Work to complete: Could you restate word for word every line of the records below, from the first one to the one holding "A Clarice Cliff"?
▶
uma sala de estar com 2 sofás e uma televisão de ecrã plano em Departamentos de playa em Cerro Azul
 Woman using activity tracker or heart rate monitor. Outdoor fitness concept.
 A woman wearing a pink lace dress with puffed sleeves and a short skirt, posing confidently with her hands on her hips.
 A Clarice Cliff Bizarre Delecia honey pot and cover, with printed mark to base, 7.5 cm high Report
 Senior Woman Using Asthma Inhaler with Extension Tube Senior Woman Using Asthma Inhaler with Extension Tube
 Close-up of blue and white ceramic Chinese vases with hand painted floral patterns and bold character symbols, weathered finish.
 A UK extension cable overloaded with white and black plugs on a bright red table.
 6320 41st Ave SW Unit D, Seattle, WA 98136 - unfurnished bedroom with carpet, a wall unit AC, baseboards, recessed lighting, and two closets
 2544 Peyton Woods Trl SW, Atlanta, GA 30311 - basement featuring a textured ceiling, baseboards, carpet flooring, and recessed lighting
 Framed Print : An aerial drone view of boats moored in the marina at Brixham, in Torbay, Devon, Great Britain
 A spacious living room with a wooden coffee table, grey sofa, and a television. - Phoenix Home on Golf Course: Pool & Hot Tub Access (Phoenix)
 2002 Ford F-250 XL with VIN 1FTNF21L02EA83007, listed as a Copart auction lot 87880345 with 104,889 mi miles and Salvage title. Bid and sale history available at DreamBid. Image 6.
◀
Task solution:
uma sala de estar com 2 sofás e uma televisão de ecrã plano em Departamentos de playa em Cerro Azul
 Woman using activity tracker or heart rate monitor. Outdoor fitness concept.
 A woman wearing a pink lace dress with puffed sleeves and a short skirt, posing confidently with her hands on her hips.
 A Clarice Cliff Bizarre Delecia honey pot and cover, with printed mark to base, 7.5 cm high Report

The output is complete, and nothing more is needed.